Des dirigeants africains ont Ă©tĂ©, ou sont par endroit de nos jours, des vrais nĂ©griers Ă  la solde de leurs maĂźtres colonisateurs en taillant et bradant Ă  souhait les ressources forestiĂšres, miniĂšres et humaines du continent africain et enfonçant les masses laborieuses dans une misĂšre indescriptible et caractĂ©risĂ©e par des morts massives dans les dĂ©serts et ocĂ©ans parmi ces dĂ©sespĂ©rĂ©s et tĂ©mĂ©raires jeunes contraints Ă  des aventures hautement pĂ©rilleuses. Ainsi, nos valeurs de culture et d’éducation ont Ă©tĂ© savamment saccagĂ©es, des modĂšles de vies sans morales perfusĂ©s, la valeur humaine transformĂ©e en une simple et vile marchandise de rue. Et tout cela, pour oser revenir nous dire que l’Afrique n’est pas rentrĂ©e dans l’histoire.
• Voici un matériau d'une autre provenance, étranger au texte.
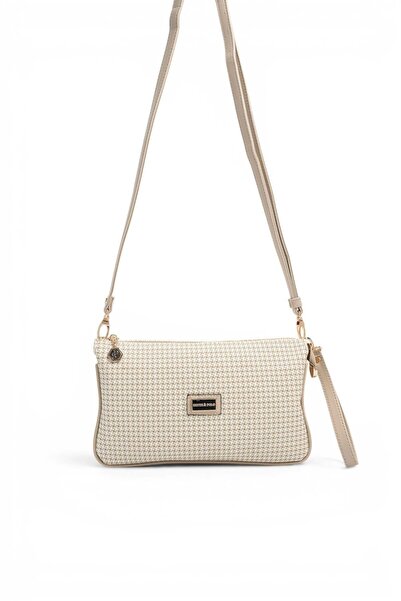 Silver Polo Beige - Sand Beige Houndstooth Plaid Women's Crossbody Bag Sp1291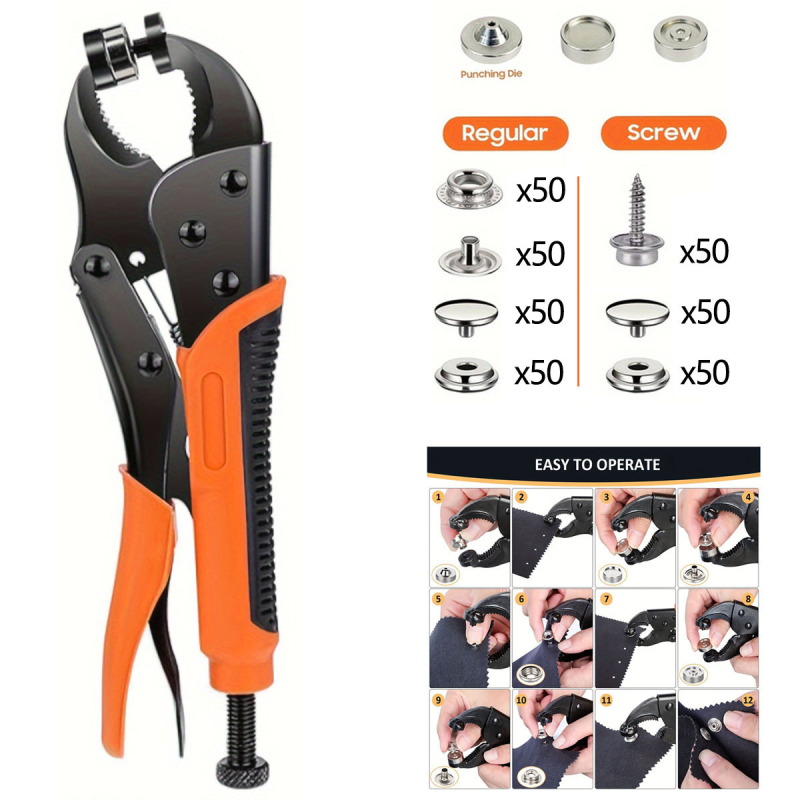 Banwei DIY комплект аксесоари — тежки snap закопчалки, инструмент за натискане на копчета и монтажно средство за платнена тента (BW202406005, wzk)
La sous-rĂ©gion ouest-africaine, notamment le Sahel est le reflet et l’exemple typique de ce qui est prĂ©cĂ©demment dĂ©crit. En effet, les nĂ©griers de palais prĂ©sidentiels ont acceptĂ© la mise en Ɠuvre de pratiques humainement scandaleuses et socialement ravageuses : l’acceptation de la destruction de notre forme sociale d’Etat et de notre sĂ©curitĂ©.
Et dans cet environnement, les puissances impĂ©rialistes ont savamment prĂ©parĂ© leur retour par l’intrusion du terrorisme au Sahel. Les consĂ©quences sont impensables car hautement dommageables.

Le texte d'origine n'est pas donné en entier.